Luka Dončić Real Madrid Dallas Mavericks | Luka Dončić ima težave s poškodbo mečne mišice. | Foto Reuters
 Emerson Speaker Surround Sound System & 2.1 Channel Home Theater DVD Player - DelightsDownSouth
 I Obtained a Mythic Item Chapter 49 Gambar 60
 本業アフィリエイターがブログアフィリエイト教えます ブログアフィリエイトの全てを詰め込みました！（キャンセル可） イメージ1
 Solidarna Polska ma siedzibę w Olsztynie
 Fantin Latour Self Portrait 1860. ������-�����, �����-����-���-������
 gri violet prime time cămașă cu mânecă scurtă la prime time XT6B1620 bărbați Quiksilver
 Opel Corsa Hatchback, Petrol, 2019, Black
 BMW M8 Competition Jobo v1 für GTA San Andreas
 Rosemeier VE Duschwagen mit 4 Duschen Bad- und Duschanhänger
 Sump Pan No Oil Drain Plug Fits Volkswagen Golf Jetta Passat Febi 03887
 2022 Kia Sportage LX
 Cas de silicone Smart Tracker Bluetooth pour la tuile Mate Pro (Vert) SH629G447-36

__Requirement__
Begin with the first line of the listing above and write out each line exactly, ending with the line that contains "Rosemeier VE Duschwagen".

__Task answer__
Luka Dončić Real Madrid Dallas Mavericks | Luka Dončić ima težave s poškodbo mečne mišice. | Foto Reuters
 Emerson Speaker Surround Sound System & 2.1 Channel Home Theater DVD Player - DelightsDownSouth
 I Obtained a Mythic Item Chapter 49 Gambar 60
 本業アフィリエイターがブログアフィリエイト教えます ブログアフィリエイトの全てを詰め込みました！（キャンセル可） イメージ1
 Solidarna Polska ma siedzibę w Olsztynie
 Fantin Latour Self Portrait 1860. ������-�����, �����-����-���-������
 gri violet prime time cămașă cu mânecă scurtă la prime time XT6B1620 bărbați Quiksilver
 Opel Corsa Hatchback, Petrol, 2019, Black
 BMW M8 Competition Jobo v1 für GTA San Andreas
 Rosemeier VE Duschwagen mit 4 Duschen Bad- und Duschanhänger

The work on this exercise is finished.